Silvestre D. Guinto v. Office of Personnel Management

889 F.2d 1100

Unpublished Disposition
NOTICE: Federal Circuit Local Rule 47.8(b) states that opinions and orders which are designated as not citable as precedent shall not be employed or cited as precedent. This does not preclude assertion of issues of claim preclusion, issue preclusion, judicial estoppel, law of the case or the like based on a decision of the Court rendered in a nonprecedential opinion or order.
Silvestre D. GUINTO, Petitioner,
v.
OFFICE OF PERSONNEL MANAGEMENT, Respondent.

No. 89-3250.

United States Court of Appeals, Federal Circuit.

Oct. 13, 1989.

Before RICH, MAYER and MICHEL, Circuit Judges.

PER CURIAM

DECISION

1

Sylvestre D. Guinto appeals from the March 15, 1989 decision of the Merit Systems Protection Board (MSPB or Board), Docket No.
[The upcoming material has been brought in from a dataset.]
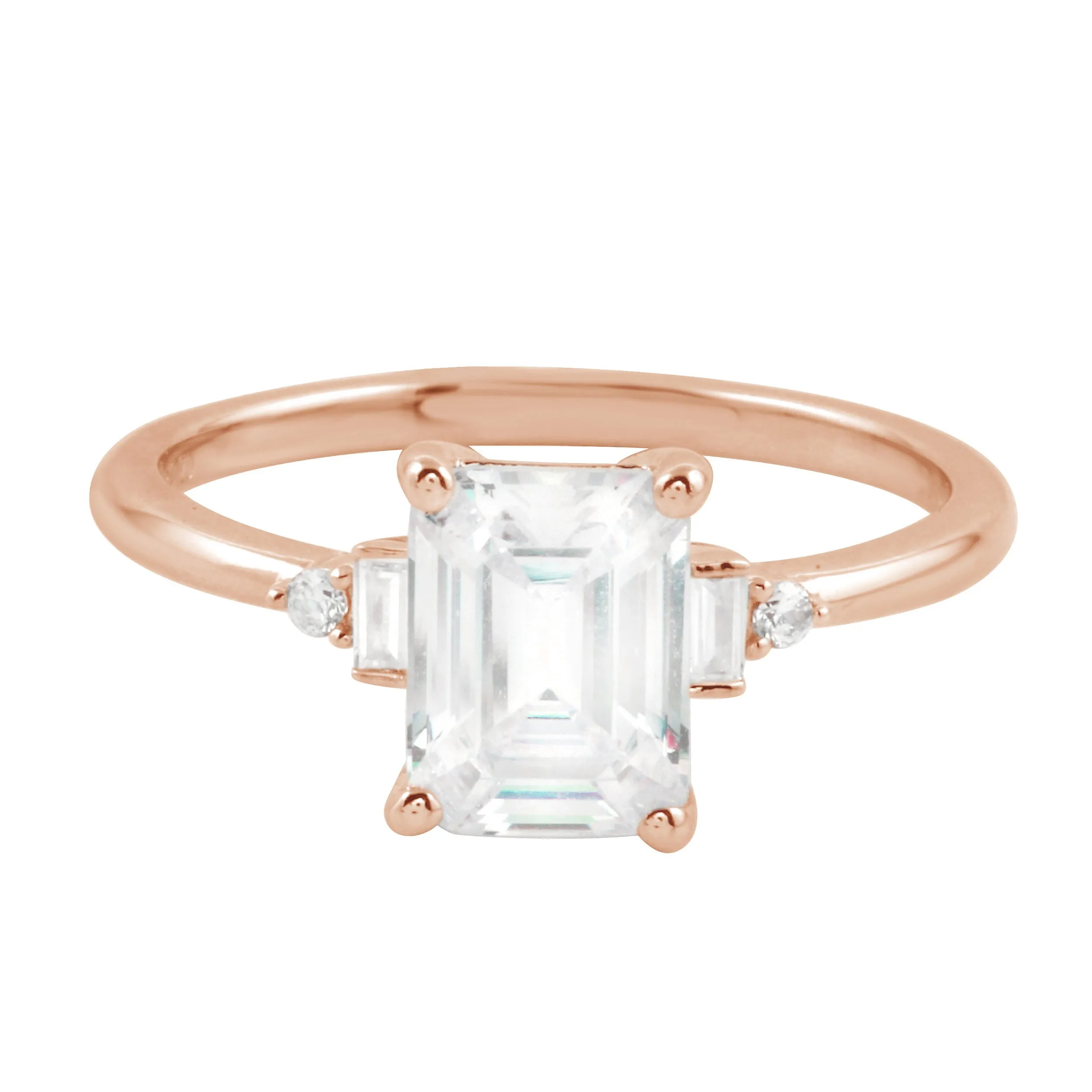 Emerald Cut and Baguette Diamond Engagement Ring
SE08318810490, denying his petition for review of the Administrative Judge's (AJ's) decision dated November 14, 1988. The AJ found that Guinto was not entitled to benefits under the Civilian Service Retirement Act, because he did not meet the requirement of five years as a civilian employee. We affirm.

OPINION

2

There is no dispute over the AJ's factual finding that Guinto was a member first of the Philippine Army and later of the Philippine Scouts under the control of the United States during and shortly after World War II. Guinto's dispute is with the AJ's conclusion that this service did not constitute civilian employment. Guinto supports his position by pointing to 38 U.S.C. Sec. 107, which states, in effect, that those who served in the Philippine Army under the control of the United States during WWII are entitled to military benfits under only certain enumerated sections.

3

5 U.S.C. Sec. 8333(a) requires a minimum of five years of civilian service to be eligible for civilian retirement benefits. The AJ correctly found that, with one exception not applicable here, time spent in the military is not creditable toward civilian service. See Tirado v. Department of the Treasury, 757 F.2d 263 (Fed.Cir.1985). Further, we agree that Guinto's service in the Philippine Army cannot be considered to be anything but military service. We find no merit in Guinto's argument that because veterans of the Philippine Army are treated as military personnel for only certain purposes, that they must be considered civilian personnel for other purposes. Such an argument is contrary to the clear language of the statute, which is intended to give only certain military benefits to those who served in the Philippine Army during WWII.

4

Therefore, the board correctly found that Guinto, having failed to meet the requirement of five years of civilian employment, is not eligible for benefits under the Civil Service Retirement Act.